Mathematical difference between entropy and energy
First, note that entropy is well-defined only if $u$ is positive. Using integration by parts, it is in fact true on the flat torus or $\mathbb{R}^n$ (if $u$ is nonnegative and decays in space fast enough) that $$ \frac{\partial}{\partial t}\frac{1}{p(p-1)}\log \int u^p = -\frac{\int u^{p-2}|\nabla u|^2}{\int u^p}\le 0 $$ for all $p > 1$. The case $p = 2$ is the usual $L^2$ energy inequality. If you normalize $u$ so that $$ \int u = 1 $$ and take the limit $p \rightarrow 1$, you get the entropy inequality. So there are $L^p$ analogues of energy or entropy, depending on your point of view.
In information theory, if $u$ is a probability density, then $$ -\int u\log u $$ is called Shannon entropy and $$ \frac{1}{1-p}\log\int u^p $$ is called Rényi entropy.
I would personnally say that physics is all what lies behind the names. One slight difference between them is that, at least in the field of PDEs, whatever we call an entropy is always monotone along the flow of the equation (and usually made positive decreasing up to some constants in its definition) whereas an energy has a broader meaning ; one sometimes hears terms like "$H^s$ energy", "higher [order] energy", "$L^p$ energy [estimate]" and so on. Those quantities do not necessarily decrease ; instead, they may very well increase, as do the $H^s$ energies for various instances of the NLS (non linear Schrödinger) equation.
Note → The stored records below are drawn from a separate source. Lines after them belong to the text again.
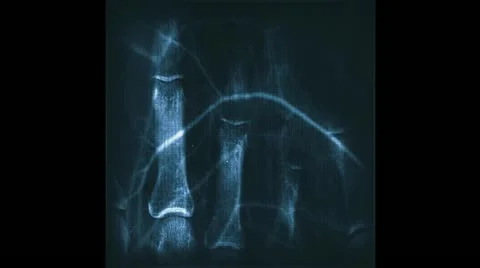 X-ray. Radiograph, roentgenogram Stock Footage 14073021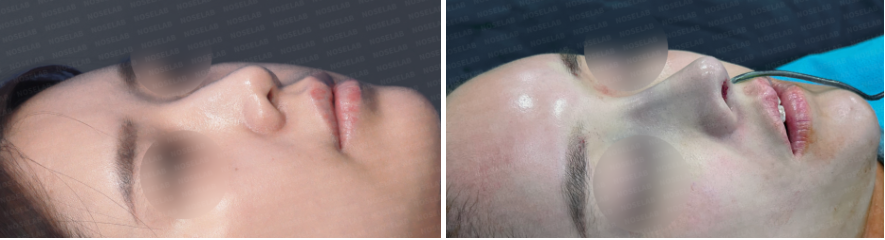 Protruding mouth rhinoplasty – before and after 45-degree oblique view comparison photos (left: before surgery, right: after surgery)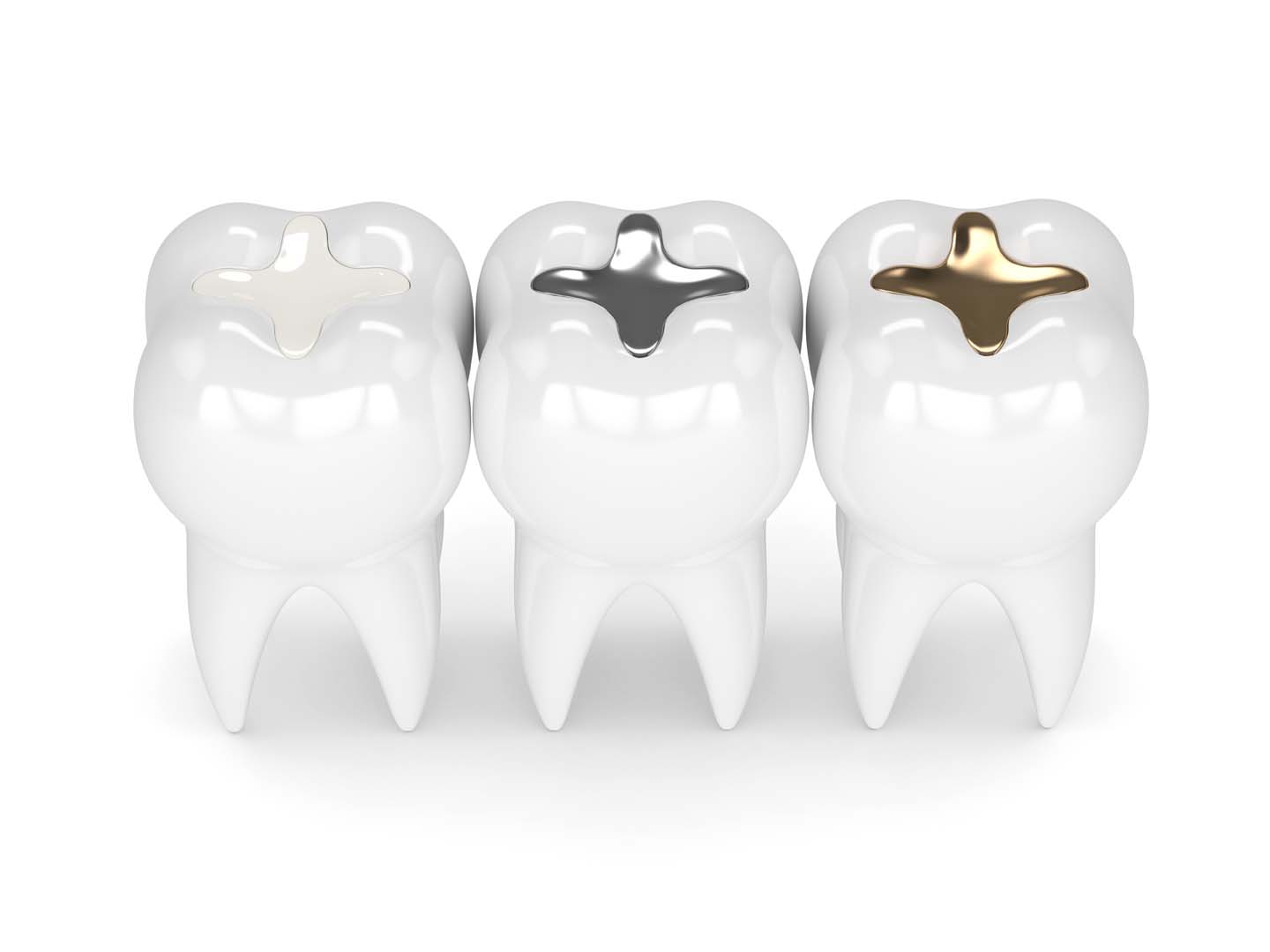 Dentures at Tampa Dental Studio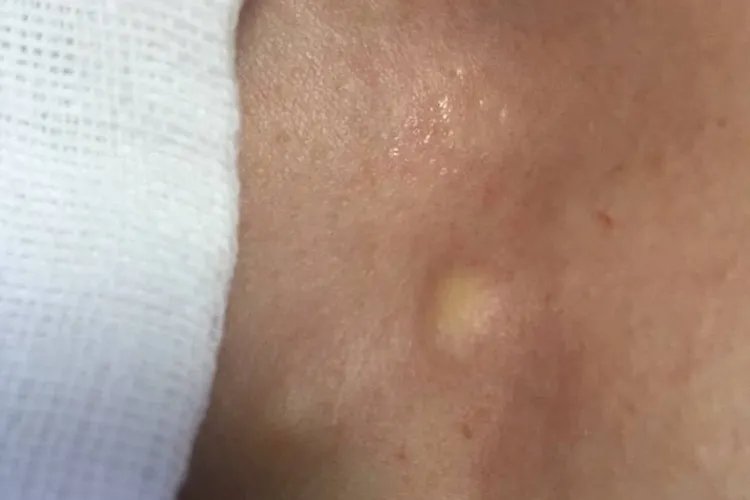 腋窝下疙瘩挤出黄黄的东西图片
They could exhibit some weirder behaviour, like the usual $L^2$ energy for the Euler equation (I'm talking here about the work of De Lellis and Székelyhidi).
It is probably worth mentioning that the the heat equation is inherently linked to energy and entropy in two ways:
The heat equation is the gradient flow of the energy in the Hilbert space $L^2$ (classical).
The heat equation is the "gradient flow of the entropy in Wasserstein space $W_2$" (Jordan-Kinderlehrer-Otto, also Ambrosio-Gigli-Savare).